To Help Provide Young People With Service Opportunities, Gillibrand Announces Legislation To Expand Youth Corps Program

Bill Would Amend Workforce Investment Act To Assist States and Local Communities To Increase Youth Corps Programs

Washington, DC – To help provide young people with service opportunities, U.S. Senator Kirsten Gillibrand today announced legislation that would expand Youth Corps programs throughout the nation. The Youth Corps Act of 2010 would amend the Workforce Investment Act (WIA) to establish a competitive grant program to assist states and local communities in replicating and expanding Youth Corps Programs. 

“During these tough economic times, we must prepare our students to become tomorrow’s leaders,” Senator Gillibrand said. “This program would strengthen our communities, while preparing our young people for the jobs of the 21st century. All New York students deserve the opportunity to get ahead.”

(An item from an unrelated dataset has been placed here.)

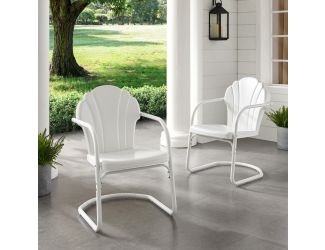 Tulip 2Pc Chair Set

The core components of the Youth Corps model include:

  • opportunities for educational advancement, including secondary school completion and preparation for postsecondary education;
  • work experience, skills training, and career counseling;
  • collaboration with other youth serving systems, such as child welfare and juvenile justice, to provide and coordinate supportive services for vulnerable youth;
  • partnerships with local workforce and education systems, including labor, employers, postsecondary institutions, and community-based organizations, to develop pathways to postsecondary and labor market success; and
  • post-program support.

The grants, awarded to states and municipalities, will be awarded for a period of 3 years with an option for renewal. In the Youth Corps model, adult leaders serve as mentors and guide crews of 8-12 Corps members as they gain paid work experience and learn the skills that are essential to the development of a strong work ethic and success in the workplace. Corps members also receive a living allowance, classroom instruction to improve basic academic competencies, complete high school, and prepare for postsecondary education, and a wide range of supportive services. Additionally, they participate in technical skills training and leadership development.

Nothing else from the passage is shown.